◆ **PROBLEM REQUIREMENTS**: Your task is to write out the complete listing exactly as it is shown.

☆ ☆ ☆

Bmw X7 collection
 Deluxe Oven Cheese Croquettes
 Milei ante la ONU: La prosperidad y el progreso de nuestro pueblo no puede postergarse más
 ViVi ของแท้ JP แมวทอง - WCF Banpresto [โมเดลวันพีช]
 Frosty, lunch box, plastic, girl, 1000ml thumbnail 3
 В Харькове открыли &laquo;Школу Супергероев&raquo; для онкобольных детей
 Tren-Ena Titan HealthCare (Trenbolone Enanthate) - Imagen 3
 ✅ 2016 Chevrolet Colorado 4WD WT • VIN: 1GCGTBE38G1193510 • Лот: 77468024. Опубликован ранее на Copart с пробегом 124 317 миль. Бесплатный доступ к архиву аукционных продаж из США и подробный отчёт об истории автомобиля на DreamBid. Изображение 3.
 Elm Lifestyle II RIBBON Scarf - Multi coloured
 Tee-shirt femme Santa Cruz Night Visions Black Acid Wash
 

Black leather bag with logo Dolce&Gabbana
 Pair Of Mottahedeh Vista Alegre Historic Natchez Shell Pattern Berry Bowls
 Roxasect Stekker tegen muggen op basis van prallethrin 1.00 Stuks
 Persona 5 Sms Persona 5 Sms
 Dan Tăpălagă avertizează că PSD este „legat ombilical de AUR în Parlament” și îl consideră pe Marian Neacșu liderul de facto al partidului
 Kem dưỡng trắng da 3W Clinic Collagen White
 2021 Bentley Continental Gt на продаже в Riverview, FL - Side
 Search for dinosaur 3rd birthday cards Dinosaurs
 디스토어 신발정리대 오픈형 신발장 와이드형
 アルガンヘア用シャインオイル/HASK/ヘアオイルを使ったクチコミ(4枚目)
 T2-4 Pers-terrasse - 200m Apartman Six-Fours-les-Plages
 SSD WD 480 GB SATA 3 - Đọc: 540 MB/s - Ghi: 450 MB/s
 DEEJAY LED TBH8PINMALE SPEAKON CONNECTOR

☆ ☆ ☆

◆ **WRITTEN RESPONSE**:
Bmw X7 collection
 Deluxe Oven Cheese Croquettes
 Milei ante la ONU: La prosperidad y el progreso de nuestro pueblo no puede postergarse más
 ViVi ของแท้ JP แมวทอง - WCF Banpresto [โมเดลวันพีช]
 Frosty, lunch box, plastic, girl, 1000ml thumbnail 3
 В Харькове открыли &laquo;Школу Супергероев&raquo; для онкобольных детей
 Tren-Ena Titan HealthCare (Trenbolone Enanthate) - Imagen 3
 ✅ 2016 Chevrolet Colorado 4WD WT • VIN: 1GCGTBE38G1193510 • Лот: 77468024. Опубликован ранее на Copart с пробегом 124 317 миль. Бесплатный доступ к архиву аукционных продаж из США и подробный отчёт об истории автомобиля на DreamBid. Изображение 3.
 Elm Lifestyle II RIBBON Scarf - Multi coloured
 Tee-shirt femme Santa Cruz Night Visions Black Acid Wash
 

Black leather bag with logo Dolce&Gabbana
 Pair Of Mottahedeh Vista Alegre Historic Natchez Shell Pattern Berry Bowls
 Roxasect Stekker tegen muggen op basis van prallethrin 1.00 Stuks
 Persona 5 Sms Persona 5 Sms
 Dan Tăpălagă avertizează că PSD este „legat ombilical de AUR în Parlament” și îl consideră pe Marian Neacșu liderul de facto al partidului
 Kem dưỡng trắng da 3W Clinic Collagen White
 2021 Bentley Continental Gt на продаже в Riverview, FL - Side
 Search for dinosaur 3rd birthday cards Dinosaurs
 디스토어 신발정리대 오픈형 신발장 와이드형
 アルガンヘア用シャインオイル/HASK/ヘアオイルを使ったクチコミ(4枚目)
 T2-4 Pers-terrasse - 200m Apartman Six-Fours-les-Plages
 SSD WD 480 GB SATA 3 - Đọc: 540 MB/s - Ghi: 450 MB/s
 DEEJAY LED TBH8PINMALE SPEAKON CONNECTOR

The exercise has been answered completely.